I've got my little tank with a short but bushy java fern, and a dwarf lilly that right now only has pretty red lilly pads at the top. I have a bb-sized gravel substrate with a UGF I'm planning on phasing out when I get my new filter in a day or two. Lightwise, I just have the standard light. So I'm about unleash a ton of newb-ish questions, sorry! 

My question is would anubis work in my tank? I'm not particularly worried about what it will do to the UGF, and I heard that you can get it to attach to rocks instead of rooting straight into the gravel. Is this right? Also, I'm guessing that my filter will probably have a fairly strong current how well it would put up with that?

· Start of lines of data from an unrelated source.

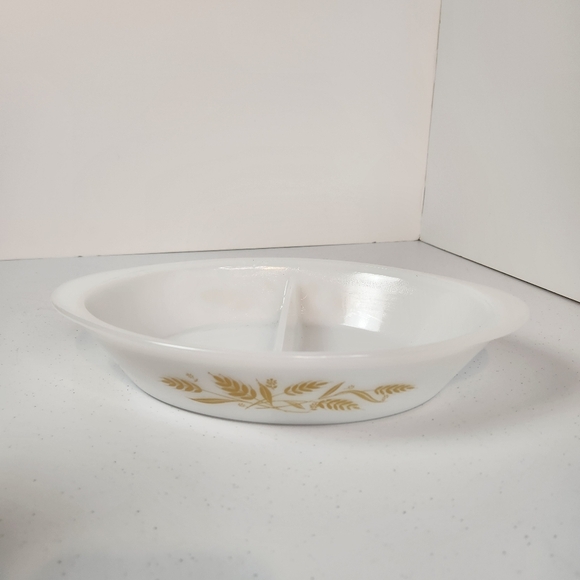 Vintage Sears Divided Baking Serving Vegetable Casserole Dish Wheat Pattern 70s - Picture 2 of 8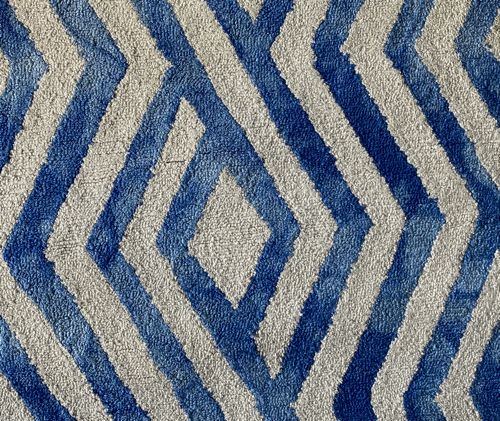 rivet_geoemtric_area_rug_close_up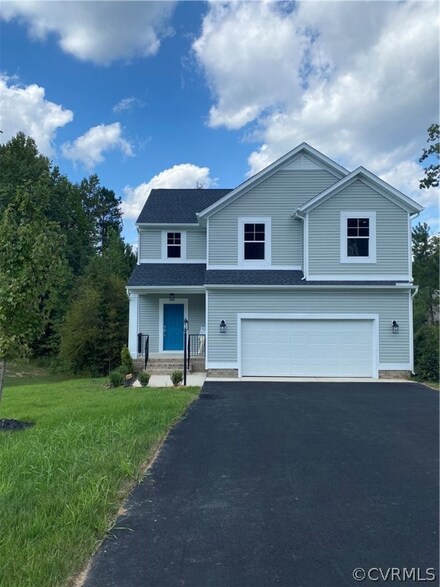 22160 Lake Jordan Dr, Petersburg, VA 23803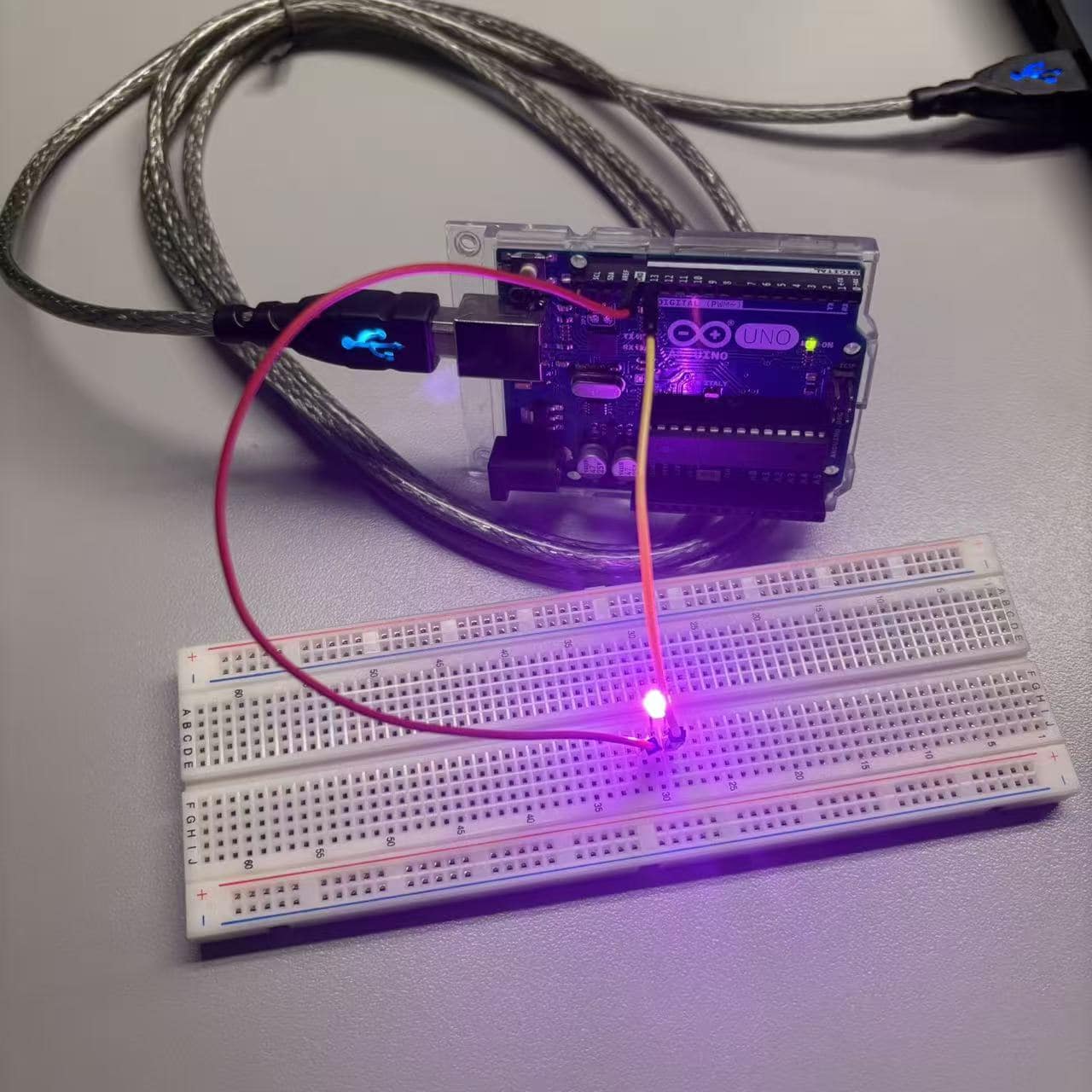 After testing the connection between the Arduino and the computer, the small light turned on. <div class='container'><iframe class='responsive-iframe' src='https://www.youtube.com/embed/tgbNymZ7vqY'></iframe></div>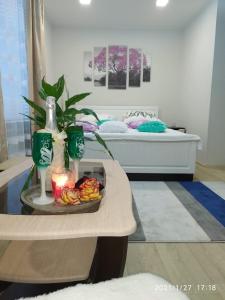 Una habitación con una mesa con una vela y una cama en Apartments on Lenina Street 75, en Novosibirsk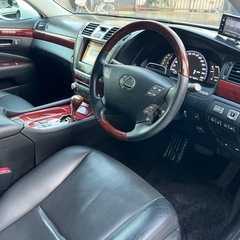 激安‼️‼️中期LS600h‼️低走行程度良好‼️‼️の画像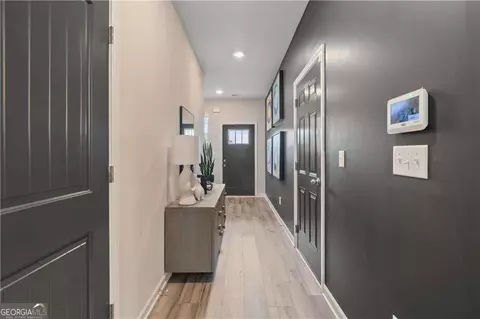 Entry Way - 320 Navigator Ln, Mcdonough, GA 30253 photo 3 of 6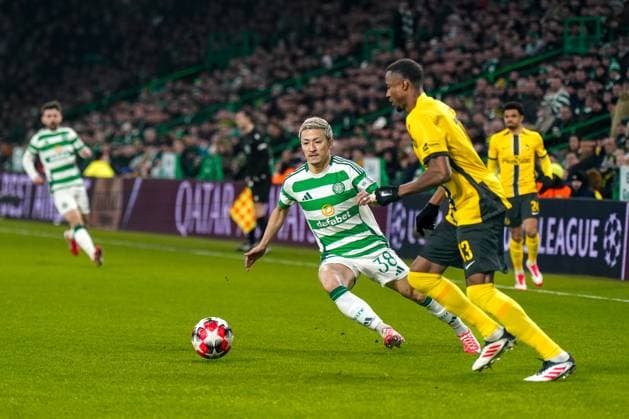 Football UEFA Champions League 2024 2025, Matchday 7 Celtic Glasgow vs Young Boys Bern YB Celtic Park Glasgow, Scotland Daizen Maeda Celtic Glasgow, 38 and Mohamed Ali Camara Mohamed Camara Young Boys Bern, 13 Copyright: xJOERANxSTEINSIEKx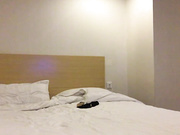 卷毛哥酒店开房约炮健身馆经常一块锻炼的少妇身材苗条很耐草1080P高清版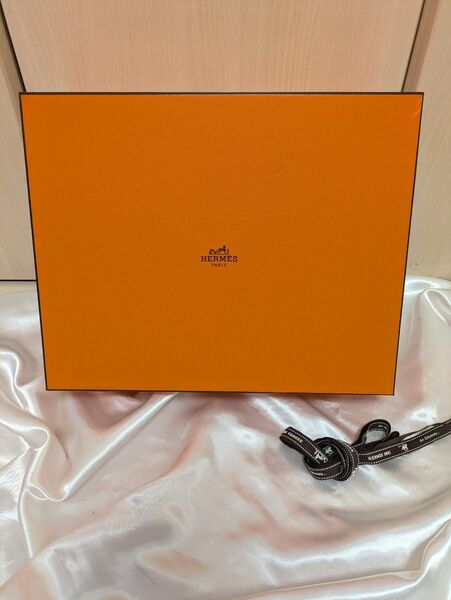 エルメス HERMES 空箱 1740□ 空き箱 化粧箱 保存箱 大きめ 大きい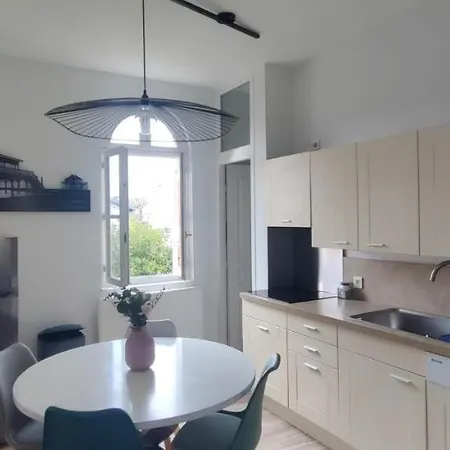 Bright 65 M With View Of The Basin *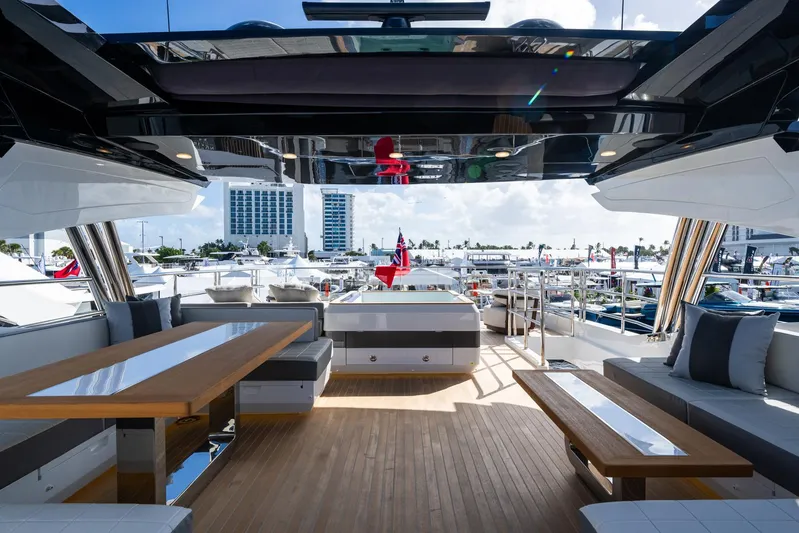 95 Pearl Yacht Photos Pics 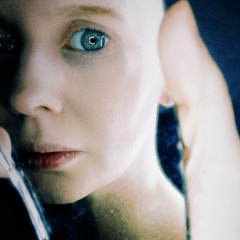 Ева Алоисова-Литвиненко, Санкт-Петербург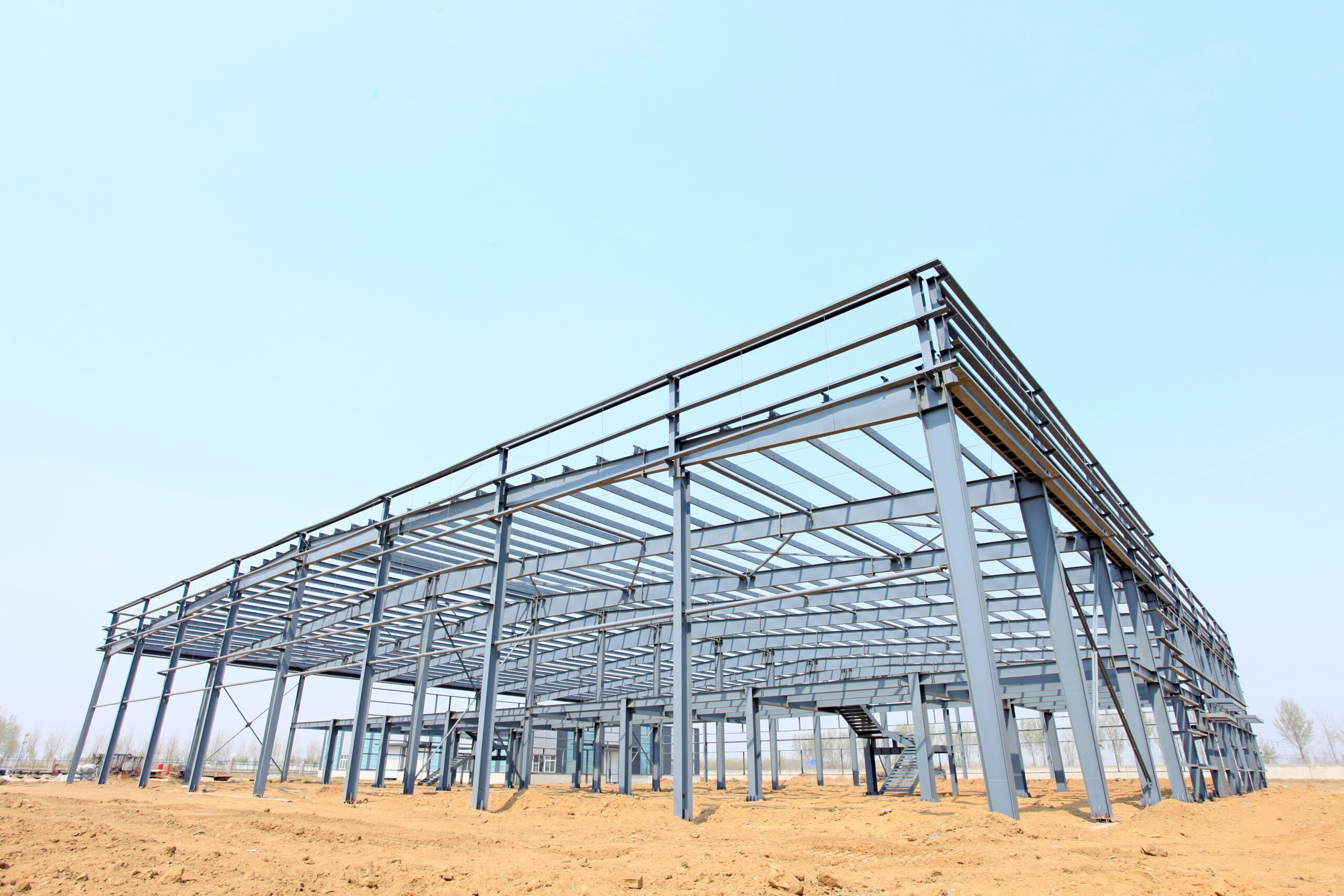 The steel structure。under the blue sky white clouds, very beautiful.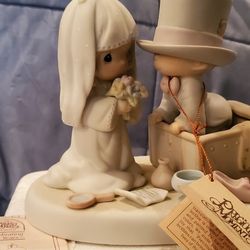 Precious Moments bride & groom collectiblr figurine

I'd love to look into other plants, but the only place to get them around here is my LF/PS, and they don't have the plant tags where it's easy to read them. I'm pretty sure I've found an anubias, and I might be able to figure out what other stuff is, but I don't want to get plants that I can't figure out what they are. Anyways, thanks for any help!


----------



## majerah1 (Oct 29, 2010)

From what Ive heard,anubias stays little.You can also try rotal rotundifolia,it is a stem plant and will root into the substrate.The light you have,it being such a small tank,may be ok for it.Just a few small stems would look pretty good.Is this a betta tank?If so then be sure the current doesnt affect the fish too much.The plants will do well with a current as long as its not a whirlpool,lol.A microsword would look nice too,but they spread.If you have a larger tank,it would be good to take the clippings from the little one and use them in the larger one.Ive had great results doing this.Just dont let the plants take over to the point you dont see the fish.Ive done this,and while striking,it gets old playing "Find the Fish".


----------



## mk4gti (Jun 15, 2010)

yeah its fine, they dont require much light either. Not to sure what u got on a 1.5 light wise.


----------



## Kehy (Apr 19, 2011)

majerah1 said:


> From what Ive heard,anubias stays little.You can also try rotal rotundifolia,it is a stem plant and will root into the substrate.The light you have,it being such a small tank,may be ok for it.Just a few small stems would look pretty good.Is this a betta tank?If so then be sure the current doesnt affect the fish too much.The plants will do well with a current as long as its not a whirlpool,lol.A microsword would look nice too,but they spread.If you have a larger tank,it would be good to take the clippings from the little one and use them in the larger one.Ive had great results doing this.Just dont let the plants take over to the point you dont see the fish.Ive done this,and while striking,it gets old playing "Find the Fish".


I've thought about getting microswords, it's one of the only other plants I can ID at my store, lol. A lawn of them might look pretty.
I think I might be able to keep the current from being too strong by putting rocks around the filter and blocking the current that way, hopefully. Thanks!


----------



## mk4gti (Jun 15, 2010)

for that substrate i think the anubias would do better IMO.


----------